Supplied entries
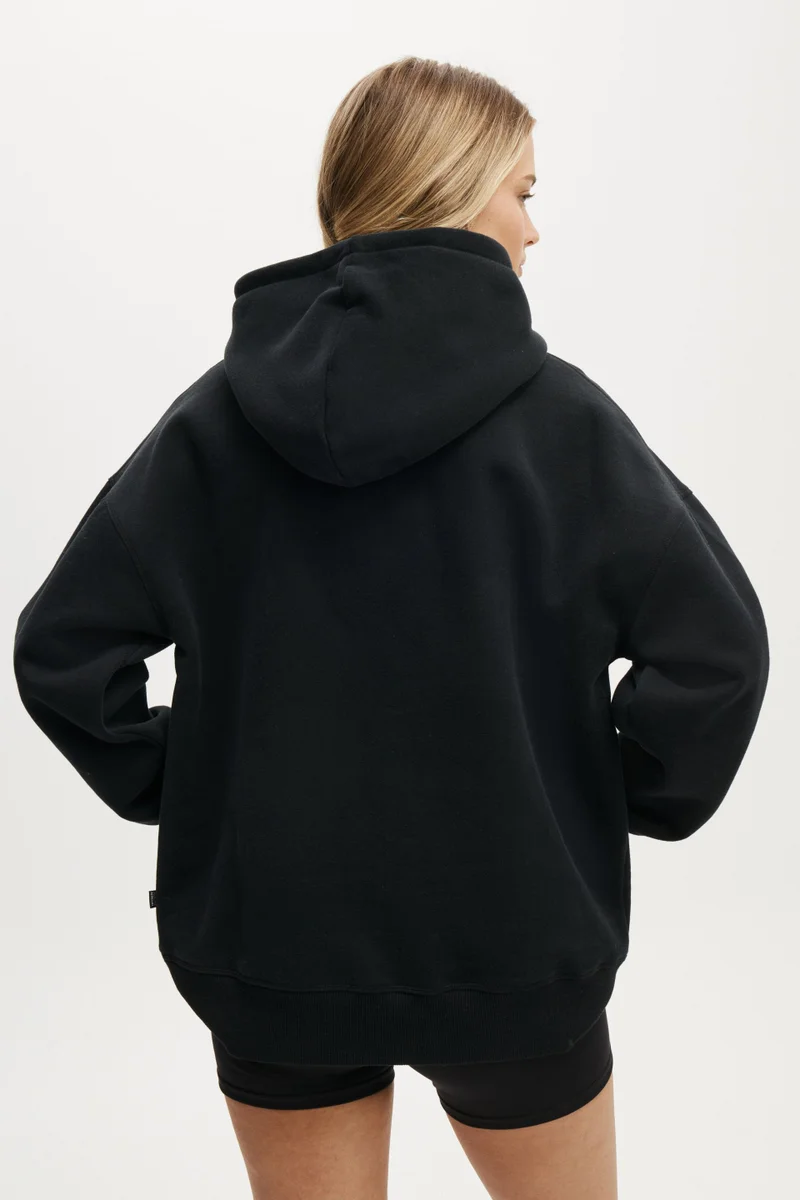 Cotton On  Plush Premium Graphic Hoodie for Women | Best Price UAE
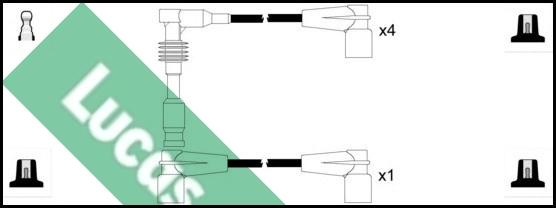 LUCAS LUC4197 - Kit de câbles d'allumage cwaw.fr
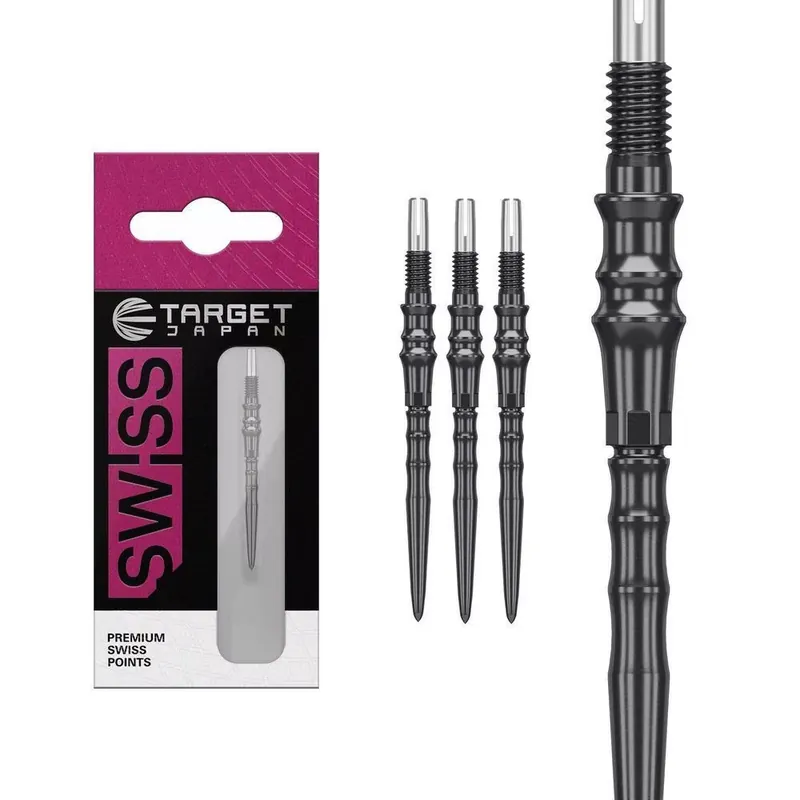 Horká Nabídka Hroty na šipky Target Japan Premium Swiss Point černé 30mm 3ks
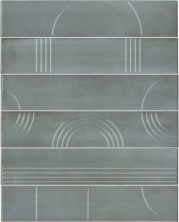 Панно Kerama Marazzi KMP3STA002RN6X Панно Мажорель голубой глянцевый из 6 частей 28.5x36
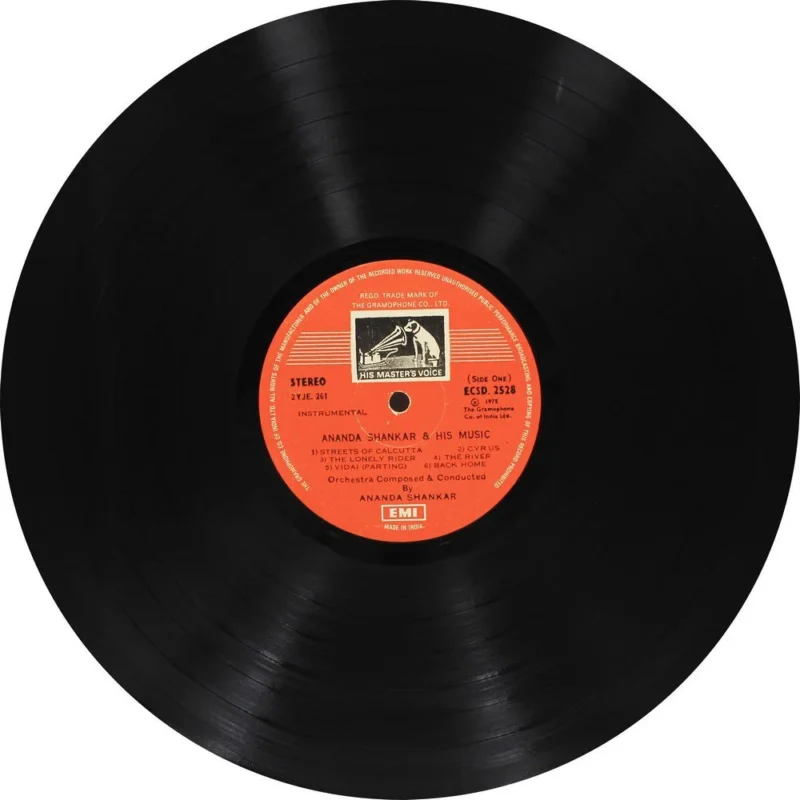 Ananda Shankar And His Music - ECSD 2528 - (85-90%) - CR - Indian Classical Instrumental LP Vinyl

What to work on
Every line from the one that contains "Панно Kerama Marazzi" through the end of the records above is to be reproduced exactly; no picture goes in the copy.

Answer
 Панно Kerama Marazzi KMP3STA002RN6X Панно Мажорель голубой глянцевый из 6 частей 28.5x36
 Ananda Shankar And His Music - ECSD 2528 - (85-90%) - CR - Indian Classical Instrumental LP Vinyl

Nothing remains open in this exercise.